The Global Hydrogen Flows report, co-authored by McKinsey, identified more than 40 prospected trade routes of hydrogen or hydrogen equivalent derivatives with the capacity to transport more than one million tonnes per year by ship or pipeline.

It estimated that 400 out of the 660 million tonnes of hydrogen and its derivatives needed for carbon neutrality by 2050 will be transported over long-distances, with 190 million tonnes crossing international borders.

The study predicts that $150bn in investments will be needed by 2030, scaling to $1.5 trillion by 2050 on a cumulative basis to enable the required scale of trade, compared to the current global energy infrastructure investments of $500bn annually.

The report estimates that in a ‘cost-optimal’ world, around 50% of hydrogen trade would use pipelines, while synthetic fuels, ammonia, and sponge iron, transported on ships will account for approximately 45%.

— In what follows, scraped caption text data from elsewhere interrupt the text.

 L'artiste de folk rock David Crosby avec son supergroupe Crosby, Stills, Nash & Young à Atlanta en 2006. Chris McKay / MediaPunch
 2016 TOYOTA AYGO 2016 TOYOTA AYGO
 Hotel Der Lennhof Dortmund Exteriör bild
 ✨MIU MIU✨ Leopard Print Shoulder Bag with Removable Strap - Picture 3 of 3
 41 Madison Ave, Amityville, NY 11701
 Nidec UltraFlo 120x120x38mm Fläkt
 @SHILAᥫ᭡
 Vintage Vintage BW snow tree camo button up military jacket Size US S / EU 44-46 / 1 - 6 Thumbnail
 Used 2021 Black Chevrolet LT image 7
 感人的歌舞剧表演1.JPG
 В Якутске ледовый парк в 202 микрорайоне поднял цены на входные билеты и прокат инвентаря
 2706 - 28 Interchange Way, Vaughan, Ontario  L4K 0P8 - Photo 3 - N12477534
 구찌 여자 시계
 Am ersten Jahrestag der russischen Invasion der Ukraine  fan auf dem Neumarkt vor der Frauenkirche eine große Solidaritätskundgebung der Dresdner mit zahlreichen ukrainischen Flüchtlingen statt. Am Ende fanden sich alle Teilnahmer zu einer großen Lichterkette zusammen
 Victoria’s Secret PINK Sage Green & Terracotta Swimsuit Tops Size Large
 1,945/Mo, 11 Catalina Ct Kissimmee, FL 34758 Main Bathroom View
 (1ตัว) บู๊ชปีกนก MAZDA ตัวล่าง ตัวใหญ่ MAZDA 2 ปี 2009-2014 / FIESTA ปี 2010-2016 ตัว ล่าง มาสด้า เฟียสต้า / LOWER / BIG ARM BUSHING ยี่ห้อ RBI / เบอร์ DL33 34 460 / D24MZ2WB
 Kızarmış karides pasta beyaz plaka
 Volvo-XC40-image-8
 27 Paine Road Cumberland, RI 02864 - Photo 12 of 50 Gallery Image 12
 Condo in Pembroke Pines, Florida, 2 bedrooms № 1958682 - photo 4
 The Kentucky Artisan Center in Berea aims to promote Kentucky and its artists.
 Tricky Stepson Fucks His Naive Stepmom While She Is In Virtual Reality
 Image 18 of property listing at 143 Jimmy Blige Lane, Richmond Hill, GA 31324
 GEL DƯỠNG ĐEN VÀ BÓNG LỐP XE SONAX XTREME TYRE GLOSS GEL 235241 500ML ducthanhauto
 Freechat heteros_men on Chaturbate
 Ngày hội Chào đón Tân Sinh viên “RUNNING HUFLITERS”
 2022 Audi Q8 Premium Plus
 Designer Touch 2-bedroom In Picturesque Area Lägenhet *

Bernd Heid, Senior Partner at McKinsey & Company, commented, Hydrogen and its derivatives will become widely traded, reducing supply costs by as much as 25%. This means we now need to develop the pipeline, shipping, and conversion infrastructure for a renewable energy system – by 2040 more than 100 million tonnes of hydrogen can be transported through pipelines, and by 2050 shipping of hydrogen and derivatives will be similar in size to LNG today.”

Despite pure hydrogen expected to be a localised business, primarily sourced domestically, or piped from nearby regions, the report suggests that hydrogen derivatives such as ammonia, methanol, synthetic kerosene, and direct reduced iron will be shipped around the world given relatively low transportation costs compared to production costs.

The expected trade flows could accelerate the hydrogen transition which the Hydrogen Council says can abate 80 gigatonnes of carbon dioxide until 2050, which Yoshi Kanehana, Chairman of Kawasaki Havey Industries and Co-Chair of the Hydrogen Council, said reinforces the need to advance the tradeable certification of hydrogen.

Kanehana, said, “The study shows that some 60% of the total volumes of clean hydrogen needed to support our global Net Zero targets will have to be transported over long distances. This reinforces the urgent need for advancing the development of mutually recognised robust and tradeable certification schemes for hydrogen – an issue we are actively working on in the Hydrogen Council together with our international partners.”

According to the Hydrogen Council, the evolution of hydrogen trade flows is expected to take place in four distinct stages, beginning with shipping by 2025, followed by long-distance pipelines by 2030, shipping and pipeline reaching scale by 2040, and a fully matured market by 2050.

Tom Linebarger, Executive Chairman, and Chairman of the Board of Cummins, and Co-Chair of the Hydrogen Council, said,” This report is part of the Hydrogen Council’s continued efforts to progress the conversation and policy impacting deployment of hydrogen solutions around the world. In particular, this report highlights the importance of trade and the role that hydrogen will play to decarbonise energy systems globally at a massive scale and proposes some promising solutions to do just that.”